8.      Reemployment. The Executive hereby waives any and all claims to reemployment with the Company or any of its affiliates and affirmatively agrees not to seek further employment with the Company or any of its affiliates.

9.      Release of Claims and Notices Required under the Age Discrimination in Employment Act and the Older Workers’ Benefit Protection Act. The Executive understands and agrees that the Executive:

A.    Has been offered at least forty-five (45) days during which to consider this Agreement before signing it and understands that if he signs this Agreement prior to the expiration of such forty-five (45) day period he knowingly and voluntarily waives the remainder of such consideration period;

B.     Has carefully read and fully understands all of the provisions of this Agreement;

C.     Is waiving and releasing any rights under the ADEA and the Older Workers Benefit Protection Act (“OWBPA”), among other claims;

D.    Knowingly and voluntarily agrees to all of the terms set forth in this Agreement (and acknowledges the receipt of the information included on Exhibit A attached hereto);

E.     Knowingly and voluntarily intends to be legally bound by the terms of this Agreement;

F.      Was advised and hereby is advised in writing to consider the terms of this Agreement and consult with an attorney of the Executive’s choice prior to executing this Agreement;

G.    Has a full seven (7) days from the date of execution of this to revoke this Agreement (including, without limitation, any and all claims arising under the ADEA) by sending written notice to Sarah Mussetter, EVP and Chief Legal Officer, and that neither the Company nor any

 

 

 

 

other person is obligated to provide any payments or benefits to the Executive pursuant to Section 3.B until eight (8) days have passed since the Executive’s signing of this Agreement without the Executive’s having revoked this Agreement;

H.    Understands that rights or claims under the Age Discrimination in Employment Act of 1967 (29 U.S.C. § 621, et seq.) that may arise after the date this Agreement is executed are not waived, except that following the Executive’s execution of the Bring-Down Release, the Executive understands that such rights or claims prior to the date that the Bring-Down Release is executed are waived;

I.        Understands that nothing in this Agreement (including Section 7) prevents or precludes the Executive from challenging or seeking a determination of the validity of this waiver under the ADEA or the OWBPA in good faith, nor that it imposes any condition precedent, penalties, or costs for doing so, unless specifically authorized by federal law;

J.       Understands that once the Company has made its final offer of severance, any changes, whether material or immaterial, to this Agreement do not restart the forty-five (45) day period in which to consider the Agreement before signing it; and

K.    Has a full seven (7) days from the date of execution of the Bring-Down Release by sending written notice to Sarah Mussetter, EVP and Chief Legal Officer, and that, notwithstanding anything to the contrary in this Agreement, neither the Company nor any other person is obligated to provide any payments or benefits to the Executive pursuant to Section 3.B until eight (8) days have passed since the Executive’s signing of the Bring-Down Release without the Executive having revoked the Bring-Down Release.  For the avoidance of doubt, Executive agrees that the provisions of this Section 9A through 9J also apply to Executive’s consideration and decision to sign and agree to the terms of the Bring-Down Release (so that references to the terms of this Agreement are deemed to include the terms of the Bring-Down Release).

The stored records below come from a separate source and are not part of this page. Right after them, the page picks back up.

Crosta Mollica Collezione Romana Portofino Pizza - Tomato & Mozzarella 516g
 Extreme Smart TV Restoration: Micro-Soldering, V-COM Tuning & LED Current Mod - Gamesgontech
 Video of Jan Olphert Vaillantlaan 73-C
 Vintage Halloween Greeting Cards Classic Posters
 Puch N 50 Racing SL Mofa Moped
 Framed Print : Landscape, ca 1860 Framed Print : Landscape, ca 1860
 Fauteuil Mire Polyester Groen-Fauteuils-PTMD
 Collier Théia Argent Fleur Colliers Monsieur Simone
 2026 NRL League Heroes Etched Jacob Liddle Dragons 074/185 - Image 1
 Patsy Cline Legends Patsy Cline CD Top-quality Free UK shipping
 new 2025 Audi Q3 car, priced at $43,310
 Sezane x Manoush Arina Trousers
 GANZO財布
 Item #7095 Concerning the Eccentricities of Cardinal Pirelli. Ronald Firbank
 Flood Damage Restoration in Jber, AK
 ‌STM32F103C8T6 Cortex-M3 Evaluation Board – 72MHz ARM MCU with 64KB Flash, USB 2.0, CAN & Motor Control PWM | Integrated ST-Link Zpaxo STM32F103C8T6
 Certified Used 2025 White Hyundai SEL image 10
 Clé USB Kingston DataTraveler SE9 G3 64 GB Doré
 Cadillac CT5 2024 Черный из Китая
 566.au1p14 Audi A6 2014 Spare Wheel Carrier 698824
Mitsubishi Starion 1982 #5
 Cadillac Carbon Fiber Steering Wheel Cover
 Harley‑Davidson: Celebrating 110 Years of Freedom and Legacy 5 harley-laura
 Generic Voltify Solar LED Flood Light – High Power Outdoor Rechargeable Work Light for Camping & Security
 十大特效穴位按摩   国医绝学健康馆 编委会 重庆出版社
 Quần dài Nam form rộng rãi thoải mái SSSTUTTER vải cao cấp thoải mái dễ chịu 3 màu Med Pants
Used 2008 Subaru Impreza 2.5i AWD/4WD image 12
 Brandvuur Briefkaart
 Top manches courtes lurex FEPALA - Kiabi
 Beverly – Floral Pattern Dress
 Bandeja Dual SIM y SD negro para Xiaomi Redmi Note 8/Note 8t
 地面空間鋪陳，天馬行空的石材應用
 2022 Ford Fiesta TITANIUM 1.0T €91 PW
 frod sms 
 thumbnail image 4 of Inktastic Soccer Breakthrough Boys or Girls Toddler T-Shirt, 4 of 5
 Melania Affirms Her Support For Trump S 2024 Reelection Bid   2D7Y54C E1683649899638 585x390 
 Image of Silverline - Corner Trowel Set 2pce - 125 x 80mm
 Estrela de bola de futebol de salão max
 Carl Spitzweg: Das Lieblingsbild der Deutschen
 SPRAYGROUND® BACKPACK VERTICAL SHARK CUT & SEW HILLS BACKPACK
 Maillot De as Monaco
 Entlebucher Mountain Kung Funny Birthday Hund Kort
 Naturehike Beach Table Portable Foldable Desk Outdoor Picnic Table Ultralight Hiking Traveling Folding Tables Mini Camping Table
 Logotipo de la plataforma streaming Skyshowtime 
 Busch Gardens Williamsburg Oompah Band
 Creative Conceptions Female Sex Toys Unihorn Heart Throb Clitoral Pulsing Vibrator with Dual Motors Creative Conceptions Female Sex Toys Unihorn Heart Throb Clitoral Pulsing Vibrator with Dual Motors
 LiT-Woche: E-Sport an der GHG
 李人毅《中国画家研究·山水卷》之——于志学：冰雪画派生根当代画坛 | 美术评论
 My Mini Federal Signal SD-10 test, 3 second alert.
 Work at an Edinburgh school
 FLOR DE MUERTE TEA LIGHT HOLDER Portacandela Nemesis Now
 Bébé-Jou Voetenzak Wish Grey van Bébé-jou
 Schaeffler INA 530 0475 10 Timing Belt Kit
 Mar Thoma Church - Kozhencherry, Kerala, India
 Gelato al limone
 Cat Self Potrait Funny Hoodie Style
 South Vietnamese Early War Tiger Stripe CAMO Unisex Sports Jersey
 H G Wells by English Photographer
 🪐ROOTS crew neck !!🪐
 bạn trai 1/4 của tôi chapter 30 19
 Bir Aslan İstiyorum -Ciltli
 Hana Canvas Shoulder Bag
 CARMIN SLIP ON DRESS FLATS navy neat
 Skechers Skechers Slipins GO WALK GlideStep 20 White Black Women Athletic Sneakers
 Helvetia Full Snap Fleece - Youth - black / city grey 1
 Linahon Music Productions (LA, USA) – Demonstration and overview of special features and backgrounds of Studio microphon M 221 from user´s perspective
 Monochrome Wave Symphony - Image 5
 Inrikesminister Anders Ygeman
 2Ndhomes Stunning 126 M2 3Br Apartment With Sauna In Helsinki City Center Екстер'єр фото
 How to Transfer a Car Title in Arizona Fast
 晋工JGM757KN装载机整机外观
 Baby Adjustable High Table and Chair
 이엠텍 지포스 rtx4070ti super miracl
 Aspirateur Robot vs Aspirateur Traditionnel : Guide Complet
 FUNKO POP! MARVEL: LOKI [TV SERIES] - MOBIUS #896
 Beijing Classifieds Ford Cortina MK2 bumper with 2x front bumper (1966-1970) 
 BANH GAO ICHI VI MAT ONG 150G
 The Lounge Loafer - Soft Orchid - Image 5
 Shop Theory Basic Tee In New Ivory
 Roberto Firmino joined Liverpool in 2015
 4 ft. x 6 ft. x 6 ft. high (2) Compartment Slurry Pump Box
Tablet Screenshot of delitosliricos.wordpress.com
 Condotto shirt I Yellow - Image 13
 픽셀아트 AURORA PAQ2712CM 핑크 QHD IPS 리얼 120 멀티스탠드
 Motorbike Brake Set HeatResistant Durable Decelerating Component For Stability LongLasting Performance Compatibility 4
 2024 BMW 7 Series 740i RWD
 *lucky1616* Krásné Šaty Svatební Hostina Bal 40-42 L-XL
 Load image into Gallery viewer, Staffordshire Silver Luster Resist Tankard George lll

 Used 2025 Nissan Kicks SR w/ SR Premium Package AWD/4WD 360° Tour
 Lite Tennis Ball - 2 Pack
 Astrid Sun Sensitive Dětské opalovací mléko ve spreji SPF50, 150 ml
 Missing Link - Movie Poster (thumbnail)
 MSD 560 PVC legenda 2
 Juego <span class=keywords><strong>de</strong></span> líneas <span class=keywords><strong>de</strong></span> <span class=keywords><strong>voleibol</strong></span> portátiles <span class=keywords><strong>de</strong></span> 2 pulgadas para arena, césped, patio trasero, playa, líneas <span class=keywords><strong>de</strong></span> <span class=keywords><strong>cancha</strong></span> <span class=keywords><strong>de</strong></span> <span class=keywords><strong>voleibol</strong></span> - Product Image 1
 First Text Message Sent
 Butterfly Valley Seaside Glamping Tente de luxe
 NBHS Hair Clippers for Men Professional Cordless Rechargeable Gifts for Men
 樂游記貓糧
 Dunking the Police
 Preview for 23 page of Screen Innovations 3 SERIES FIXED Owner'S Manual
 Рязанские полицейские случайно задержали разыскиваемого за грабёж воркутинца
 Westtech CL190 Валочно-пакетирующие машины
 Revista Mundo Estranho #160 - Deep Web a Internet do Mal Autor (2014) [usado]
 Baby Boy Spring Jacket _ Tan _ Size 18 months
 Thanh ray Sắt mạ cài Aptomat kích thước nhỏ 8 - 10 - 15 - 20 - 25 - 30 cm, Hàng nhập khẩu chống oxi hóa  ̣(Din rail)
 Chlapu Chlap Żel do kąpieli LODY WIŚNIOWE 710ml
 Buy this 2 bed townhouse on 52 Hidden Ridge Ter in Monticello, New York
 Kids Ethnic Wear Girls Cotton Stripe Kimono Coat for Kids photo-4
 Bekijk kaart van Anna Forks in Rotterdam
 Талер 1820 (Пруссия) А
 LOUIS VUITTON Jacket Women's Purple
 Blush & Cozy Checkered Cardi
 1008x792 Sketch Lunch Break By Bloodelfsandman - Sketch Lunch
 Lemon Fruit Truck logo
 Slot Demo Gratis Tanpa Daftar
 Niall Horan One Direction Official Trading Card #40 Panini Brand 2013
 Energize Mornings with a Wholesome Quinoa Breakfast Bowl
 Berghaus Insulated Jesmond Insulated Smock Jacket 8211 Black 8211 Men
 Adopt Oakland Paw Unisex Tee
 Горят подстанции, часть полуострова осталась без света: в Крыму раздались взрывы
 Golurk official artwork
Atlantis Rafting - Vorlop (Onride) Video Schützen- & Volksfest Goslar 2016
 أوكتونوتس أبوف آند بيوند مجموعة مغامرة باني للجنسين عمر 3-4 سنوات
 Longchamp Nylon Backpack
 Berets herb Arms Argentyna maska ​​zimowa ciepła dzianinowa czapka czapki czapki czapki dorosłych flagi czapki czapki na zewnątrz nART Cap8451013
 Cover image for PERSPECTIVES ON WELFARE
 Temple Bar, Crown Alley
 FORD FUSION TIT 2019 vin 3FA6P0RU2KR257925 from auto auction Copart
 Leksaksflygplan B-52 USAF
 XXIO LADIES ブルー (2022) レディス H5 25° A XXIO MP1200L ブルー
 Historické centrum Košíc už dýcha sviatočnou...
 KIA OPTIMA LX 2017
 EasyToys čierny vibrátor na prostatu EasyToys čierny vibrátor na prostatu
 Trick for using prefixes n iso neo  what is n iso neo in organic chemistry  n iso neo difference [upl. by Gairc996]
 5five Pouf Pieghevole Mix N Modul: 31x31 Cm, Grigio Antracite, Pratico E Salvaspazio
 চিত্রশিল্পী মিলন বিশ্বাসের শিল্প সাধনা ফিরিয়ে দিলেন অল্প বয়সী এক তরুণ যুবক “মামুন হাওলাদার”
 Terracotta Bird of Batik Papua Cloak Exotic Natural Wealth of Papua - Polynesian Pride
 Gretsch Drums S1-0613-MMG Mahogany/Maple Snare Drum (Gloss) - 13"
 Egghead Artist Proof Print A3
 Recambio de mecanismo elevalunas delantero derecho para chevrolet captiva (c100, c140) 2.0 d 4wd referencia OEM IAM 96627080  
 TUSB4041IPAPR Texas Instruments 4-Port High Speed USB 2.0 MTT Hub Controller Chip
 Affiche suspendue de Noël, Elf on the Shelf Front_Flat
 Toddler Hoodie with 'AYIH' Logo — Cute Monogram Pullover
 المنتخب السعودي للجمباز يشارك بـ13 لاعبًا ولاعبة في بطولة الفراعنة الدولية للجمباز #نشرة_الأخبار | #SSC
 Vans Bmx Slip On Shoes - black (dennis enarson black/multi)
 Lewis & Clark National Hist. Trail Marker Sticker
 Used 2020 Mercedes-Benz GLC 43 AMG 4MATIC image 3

10.              No Admission of Liability. This Agreement and compliance with this Agreement shall not be construed as an admission by the Company or any Released Party of any liability whatsoever, or as an admission by the Company or any Released Party of any violations of the rights of the Executive or any person or violation of any order, law, statute, duty, or contract whatsoever against the Executive or any person. The Company and each Released Party specifically disclaims any liability to the Executive or any other person for any alleged violation of the rights of the Executive or any person, or for any alleged violation of any order, law, statute, duty, or contract on the part of the Company or any Released Party.

11.              Communication with Government Agency. Nothing in this Agreement, including Sections 4, 6, and 7, (A) limits or affects the Executive’s right to challenge the validity of this Agreement, including, without limitation, a challenge under the ADEA; (B) in any way interferes with the Executive’s right and responsibility to give truthful testimony under oath; or (C) precludes the Executive from participating in an investigation, filing a charge or otherwise communicating with any federal, state or local government office, official or agency, including, but not limited to, the Equal Employment Opportunity Commission, Department of Labor, or National Labor Relations Board. However, the Executive promises never to seek or accept any

 

 

 

 

compensatory damages, back pay, front pay, or reinstatement remedies for the Executive personally with respect to any claims released by this Agreement.

12.              Miscellaneous.

A.                Modification. This Agreement may not be modified or amended, nor may any rights hereunder be waived, except in a writing signed and agreed to by the Parties.

B.                 Notices. Any notice given pursuant to this Agreement to any party hereto shall be deemed to have been duly given when mailed by registered or certified mail, return receipt requested, or by overnight courier, or when hand delivered as follows:

If to the Company:

Red Robin International, Inc.

10000 E. Geddes Avenue, Suite 500

Greenwood Village, CO 80112

Attention: Chief Legal Officer

 

If to the Executive, at the Executive’s most recent address on the payroll records of the Company.

 

or at such other address any party shall from time to time designate by written notice, in the manner provided herein, to the other parties hereto.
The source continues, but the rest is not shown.